Items listed in a dataset:

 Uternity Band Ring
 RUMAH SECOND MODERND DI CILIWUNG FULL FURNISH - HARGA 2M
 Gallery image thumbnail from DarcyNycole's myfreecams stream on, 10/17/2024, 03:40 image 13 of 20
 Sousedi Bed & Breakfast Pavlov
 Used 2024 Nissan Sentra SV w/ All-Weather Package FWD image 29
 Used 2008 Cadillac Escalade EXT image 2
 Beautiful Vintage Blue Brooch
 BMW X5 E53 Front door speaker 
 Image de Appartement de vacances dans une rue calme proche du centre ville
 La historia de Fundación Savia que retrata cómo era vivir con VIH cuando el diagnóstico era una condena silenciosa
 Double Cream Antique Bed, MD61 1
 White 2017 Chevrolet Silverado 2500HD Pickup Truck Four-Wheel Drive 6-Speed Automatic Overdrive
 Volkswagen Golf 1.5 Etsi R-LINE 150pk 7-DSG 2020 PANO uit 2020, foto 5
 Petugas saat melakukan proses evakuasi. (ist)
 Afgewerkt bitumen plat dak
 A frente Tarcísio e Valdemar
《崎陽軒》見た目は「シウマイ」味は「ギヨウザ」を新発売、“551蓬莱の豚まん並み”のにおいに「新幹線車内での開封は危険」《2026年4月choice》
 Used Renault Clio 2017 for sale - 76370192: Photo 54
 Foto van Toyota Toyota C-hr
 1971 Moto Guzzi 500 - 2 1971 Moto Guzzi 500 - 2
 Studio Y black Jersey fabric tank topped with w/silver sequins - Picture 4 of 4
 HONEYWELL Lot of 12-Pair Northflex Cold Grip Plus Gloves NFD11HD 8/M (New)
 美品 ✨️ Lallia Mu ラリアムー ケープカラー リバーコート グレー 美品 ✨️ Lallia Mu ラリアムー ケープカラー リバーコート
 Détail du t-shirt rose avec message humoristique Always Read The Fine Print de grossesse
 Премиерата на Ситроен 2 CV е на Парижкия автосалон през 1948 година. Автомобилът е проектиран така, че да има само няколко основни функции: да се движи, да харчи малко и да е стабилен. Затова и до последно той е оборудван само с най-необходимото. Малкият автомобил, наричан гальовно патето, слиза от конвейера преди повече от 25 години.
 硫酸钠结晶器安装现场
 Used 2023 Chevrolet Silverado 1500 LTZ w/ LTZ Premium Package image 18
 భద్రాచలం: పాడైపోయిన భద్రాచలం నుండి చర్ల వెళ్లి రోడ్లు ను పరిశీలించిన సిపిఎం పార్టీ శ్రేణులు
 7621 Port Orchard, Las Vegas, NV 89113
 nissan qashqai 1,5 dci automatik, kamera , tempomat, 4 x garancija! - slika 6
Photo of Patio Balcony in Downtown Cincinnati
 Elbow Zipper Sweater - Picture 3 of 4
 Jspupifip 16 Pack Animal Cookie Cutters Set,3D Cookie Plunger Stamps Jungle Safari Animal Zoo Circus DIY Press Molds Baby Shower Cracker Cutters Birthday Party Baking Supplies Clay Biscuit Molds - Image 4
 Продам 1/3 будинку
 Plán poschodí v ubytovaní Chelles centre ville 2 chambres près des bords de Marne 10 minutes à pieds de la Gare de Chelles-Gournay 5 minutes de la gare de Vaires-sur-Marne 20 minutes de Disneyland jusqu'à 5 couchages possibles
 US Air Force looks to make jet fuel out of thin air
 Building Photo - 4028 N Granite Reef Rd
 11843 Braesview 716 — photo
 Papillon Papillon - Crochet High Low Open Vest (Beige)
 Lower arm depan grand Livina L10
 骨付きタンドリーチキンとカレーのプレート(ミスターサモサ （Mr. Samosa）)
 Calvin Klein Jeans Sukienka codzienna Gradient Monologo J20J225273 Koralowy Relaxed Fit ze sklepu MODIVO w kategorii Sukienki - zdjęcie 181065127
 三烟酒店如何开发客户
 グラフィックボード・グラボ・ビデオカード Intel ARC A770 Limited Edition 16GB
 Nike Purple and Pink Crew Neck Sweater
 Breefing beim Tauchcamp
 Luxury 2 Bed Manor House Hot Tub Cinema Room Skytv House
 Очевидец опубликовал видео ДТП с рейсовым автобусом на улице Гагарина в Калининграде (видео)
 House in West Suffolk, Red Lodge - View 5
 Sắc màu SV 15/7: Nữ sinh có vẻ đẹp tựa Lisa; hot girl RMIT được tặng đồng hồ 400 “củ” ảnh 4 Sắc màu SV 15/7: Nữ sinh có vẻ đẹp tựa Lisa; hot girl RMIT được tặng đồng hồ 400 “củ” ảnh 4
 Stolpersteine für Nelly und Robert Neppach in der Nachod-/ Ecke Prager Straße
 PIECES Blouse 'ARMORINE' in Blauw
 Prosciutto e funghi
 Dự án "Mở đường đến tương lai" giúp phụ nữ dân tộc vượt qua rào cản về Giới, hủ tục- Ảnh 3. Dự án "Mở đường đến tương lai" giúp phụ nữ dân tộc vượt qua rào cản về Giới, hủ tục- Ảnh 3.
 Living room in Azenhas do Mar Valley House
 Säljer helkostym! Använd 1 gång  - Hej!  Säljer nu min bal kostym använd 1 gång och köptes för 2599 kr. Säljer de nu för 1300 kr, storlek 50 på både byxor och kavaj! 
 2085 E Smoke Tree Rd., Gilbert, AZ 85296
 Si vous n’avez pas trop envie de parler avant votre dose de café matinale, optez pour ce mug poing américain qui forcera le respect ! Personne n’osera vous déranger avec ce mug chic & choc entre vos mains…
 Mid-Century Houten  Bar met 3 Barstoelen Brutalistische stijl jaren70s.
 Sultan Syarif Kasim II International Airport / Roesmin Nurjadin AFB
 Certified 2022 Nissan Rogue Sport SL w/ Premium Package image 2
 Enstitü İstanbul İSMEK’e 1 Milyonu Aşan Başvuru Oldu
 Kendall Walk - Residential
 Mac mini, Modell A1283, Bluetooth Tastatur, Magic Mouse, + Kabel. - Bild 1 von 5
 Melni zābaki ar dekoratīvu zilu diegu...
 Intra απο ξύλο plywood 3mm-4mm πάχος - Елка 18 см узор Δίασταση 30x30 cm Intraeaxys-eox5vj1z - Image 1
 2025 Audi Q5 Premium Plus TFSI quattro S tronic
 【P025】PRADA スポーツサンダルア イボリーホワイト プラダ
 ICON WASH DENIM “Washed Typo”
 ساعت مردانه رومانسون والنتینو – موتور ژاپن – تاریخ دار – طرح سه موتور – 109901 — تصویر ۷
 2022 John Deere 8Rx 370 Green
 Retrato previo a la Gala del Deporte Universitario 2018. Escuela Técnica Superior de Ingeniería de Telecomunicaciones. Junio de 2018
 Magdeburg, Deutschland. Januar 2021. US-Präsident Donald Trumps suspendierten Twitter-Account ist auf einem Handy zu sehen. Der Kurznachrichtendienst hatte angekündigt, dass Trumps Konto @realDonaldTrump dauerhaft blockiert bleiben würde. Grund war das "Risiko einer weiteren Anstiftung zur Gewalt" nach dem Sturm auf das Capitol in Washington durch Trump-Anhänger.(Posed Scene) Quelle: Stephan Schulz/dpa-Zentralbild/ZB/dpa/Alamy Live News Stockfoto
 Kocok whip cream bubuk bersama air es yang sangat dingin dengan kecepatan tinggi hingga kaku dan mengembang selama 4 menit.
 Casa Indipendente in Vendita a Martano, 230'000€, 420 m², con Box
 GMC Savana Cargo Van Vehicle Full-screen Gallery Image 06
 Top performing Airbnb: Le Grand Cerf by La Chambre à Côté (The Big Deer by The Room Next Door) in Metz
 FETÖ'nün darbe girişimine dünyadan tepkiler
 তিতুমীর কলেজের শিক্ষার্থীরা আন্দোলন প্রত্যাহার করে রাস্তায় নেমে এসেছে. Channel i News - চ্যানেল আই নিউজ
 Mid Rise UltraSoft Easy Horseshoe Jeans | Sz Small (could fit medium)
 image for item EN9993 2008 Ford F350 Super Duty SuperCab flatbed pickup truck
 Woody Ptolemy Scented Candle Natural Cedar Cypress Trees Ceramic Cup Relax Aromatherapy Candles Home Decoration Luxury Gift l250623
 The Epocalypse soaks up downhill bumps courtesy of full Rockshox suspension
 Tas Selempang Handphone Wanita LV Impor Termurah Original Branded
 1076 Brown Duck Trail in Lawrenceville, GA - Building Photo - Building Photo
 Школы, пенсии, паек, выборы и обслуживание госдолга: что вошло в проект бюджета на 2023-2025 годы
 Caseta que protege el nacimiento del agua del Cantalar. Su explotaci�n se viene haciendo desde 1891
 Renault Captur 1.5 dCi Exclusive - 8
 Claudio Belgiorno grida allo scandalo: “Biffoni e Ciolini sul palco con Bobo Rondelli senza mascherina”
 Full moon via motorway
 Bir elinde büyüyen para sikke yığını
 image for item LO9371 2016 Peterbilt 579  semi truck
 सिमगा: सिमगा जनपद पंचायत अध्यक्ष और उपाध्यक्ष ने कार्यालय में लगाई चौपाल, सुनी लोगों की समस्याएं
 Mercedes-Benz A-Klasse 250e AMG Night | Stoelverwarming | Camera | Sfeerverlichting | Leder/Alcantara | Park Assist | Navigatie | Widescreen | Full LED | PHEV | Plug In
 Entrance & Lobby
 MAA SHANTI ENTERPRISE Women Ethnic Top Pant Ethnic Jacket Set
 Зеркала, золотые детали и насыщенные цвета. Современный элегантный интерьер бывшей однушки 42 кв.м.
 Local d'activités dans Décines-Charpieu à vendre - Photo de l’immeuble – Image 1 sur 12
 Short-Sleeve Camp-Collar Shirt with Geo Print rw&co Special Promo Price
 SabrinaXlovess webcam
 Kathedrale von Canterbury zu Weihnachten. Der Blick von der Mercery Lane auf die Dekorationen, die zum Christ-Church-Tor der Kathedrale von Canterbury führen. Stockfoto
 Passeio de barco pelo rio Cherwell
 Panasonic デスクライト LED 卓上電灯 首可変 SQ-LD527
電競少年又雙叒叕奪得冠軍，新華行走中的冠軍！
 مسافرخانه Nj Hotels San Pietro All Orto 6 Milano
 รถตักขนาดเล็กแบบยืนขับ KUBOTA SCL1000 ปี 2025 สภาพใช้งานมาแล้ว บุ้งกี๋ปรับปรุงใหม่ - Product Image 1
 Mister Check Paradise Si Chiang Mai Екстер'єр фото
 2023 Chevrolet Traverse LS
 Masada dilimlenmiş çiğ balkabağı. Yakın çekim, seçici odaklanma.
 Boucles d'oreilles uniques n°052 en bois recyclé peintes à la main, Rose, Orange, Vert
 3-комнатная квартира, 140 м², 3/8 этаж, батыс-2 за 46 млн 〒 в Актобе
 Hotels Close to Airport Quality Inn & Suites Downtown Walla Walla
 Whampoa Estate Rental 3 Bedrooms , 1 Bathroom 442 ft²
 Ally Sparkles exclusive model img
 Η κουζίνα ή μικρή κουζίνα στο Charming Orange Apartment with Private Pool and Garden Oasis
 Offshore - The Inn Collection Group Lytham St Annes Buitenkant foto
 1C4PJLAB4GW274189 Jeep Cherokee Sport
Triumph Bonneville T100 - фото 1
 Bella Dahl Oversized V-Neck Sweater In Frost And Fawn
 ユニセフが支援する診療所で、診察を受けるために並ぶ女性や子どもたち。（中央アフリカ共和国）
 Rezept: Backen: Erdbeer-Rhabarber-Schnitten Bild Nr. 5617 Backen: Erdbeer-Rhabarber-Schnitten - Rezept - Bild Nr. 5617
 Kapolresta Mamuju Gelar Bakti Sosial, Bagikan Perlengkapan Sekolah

Exercise description:
Please show, exactly as written, every line above that contains the word "with".

Answer section:
 Studio Y black Jersey fabric tank topped with w/silver sequins - Picture 4 of 4
 Short-Sleeve Camp-Collar Shirt with Geo Print rw&co Special Promo Price
 Η κουζίνα ή μικρή κουζίνα στο Charming Orange Apartment with Private Pool and Garden Oasis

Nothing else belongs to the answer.